• [WORK TO COMPLETE]:
Copy exactly the stretch of data below from the line with "Astronomy, orbital, space, station" through the line with "Cobra BMW M135i Cat Back", including both of those lines.

======== SUPPLIED MATERIAL

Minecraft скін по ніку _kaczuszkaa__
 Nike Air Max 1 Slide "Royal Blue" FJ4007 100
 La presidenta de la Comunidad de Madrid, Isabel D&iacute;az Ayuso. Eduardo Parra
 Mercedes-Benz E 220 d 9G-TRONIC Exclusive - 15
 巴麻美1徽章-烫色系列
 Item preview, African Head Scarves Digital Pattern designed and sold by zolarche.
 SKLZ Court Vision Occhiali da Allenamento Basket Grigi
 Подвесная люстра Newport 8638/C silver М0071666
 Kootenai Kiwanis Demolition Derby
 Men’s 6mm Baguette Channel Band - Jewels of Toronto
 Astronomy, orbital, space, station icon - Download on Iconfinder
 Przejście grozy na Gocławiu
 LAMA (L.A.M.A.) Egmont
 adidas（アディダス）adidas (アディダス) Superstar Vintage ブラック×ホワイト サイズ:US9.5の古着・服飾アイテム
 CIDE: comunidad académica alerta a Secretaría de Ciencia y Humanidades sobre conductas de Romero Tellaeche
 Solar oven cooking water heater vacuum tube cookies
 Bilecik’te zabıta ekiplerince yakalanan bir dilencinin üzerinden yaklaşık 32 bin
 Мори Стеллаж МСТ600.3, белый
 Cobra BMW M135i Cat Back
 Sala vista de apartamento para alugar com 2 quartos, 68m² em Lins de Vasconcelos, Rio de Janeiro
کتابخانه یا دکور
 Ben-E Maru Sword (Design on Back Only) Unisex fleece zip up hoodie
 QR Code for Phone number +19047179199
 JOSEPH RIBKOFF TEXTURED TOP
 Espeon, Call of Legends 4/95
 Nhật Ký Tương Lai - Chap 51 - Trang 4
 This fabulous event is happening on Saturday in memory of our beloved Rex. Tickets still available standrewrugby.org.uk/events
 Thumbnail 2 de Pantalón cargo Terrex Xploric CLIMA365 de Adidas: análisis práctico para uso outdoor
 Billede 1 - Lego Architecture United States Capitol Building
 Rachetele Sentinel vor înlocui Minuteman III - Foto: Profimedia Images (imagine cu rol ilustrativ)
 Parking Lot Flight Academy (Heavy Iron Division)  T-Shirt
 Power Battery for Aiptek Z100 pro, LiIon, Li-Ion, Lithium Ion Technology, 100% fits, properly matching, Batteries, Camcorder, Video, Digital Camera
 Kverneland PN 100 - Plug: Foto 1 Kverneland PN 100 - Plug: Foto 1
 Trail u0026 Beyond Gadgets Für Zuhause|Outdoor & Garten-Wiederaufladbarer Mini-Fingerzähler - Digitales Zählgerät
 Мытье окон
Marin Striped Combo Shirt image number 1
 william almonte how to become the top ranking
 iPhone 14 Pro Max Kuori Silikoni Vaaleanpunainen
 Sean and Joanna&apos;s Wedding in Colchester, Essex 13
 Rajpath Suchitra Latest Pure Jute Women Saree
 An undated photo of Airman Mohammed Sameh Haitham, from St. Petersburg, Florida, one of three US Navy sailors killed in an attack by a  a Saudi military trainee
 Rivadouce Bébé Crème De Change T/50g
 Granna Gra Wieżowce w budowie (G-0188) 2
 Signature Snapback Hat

================

• [ANSWER SPACE]:
 Astronomy, orbital, space, station icon - Download on Iconfinder
 Przejście grozy na Gocławiu
 LAMA (L.A.M.A.) Egmont
 adidas（アディダス）adidas (アディダス) Superstar Vintage ブラック×ホワイト サイズ:US9.5の古着・服飾アイテム
 CIDE: comunidad académica alerta a Secretaría de Ciencia y Humanidades sobre conductas de Romero Tellaeche
 Solar oven cooking water heater vacuum tube cookies
 Bilecik’te zabıta ekiplerince yakalanan bir dilencinin üzerinden yaklaşık 32 bin
 Мори Стеллаж МСТ600.3, белый
 Cobra BMW M135i Cat Back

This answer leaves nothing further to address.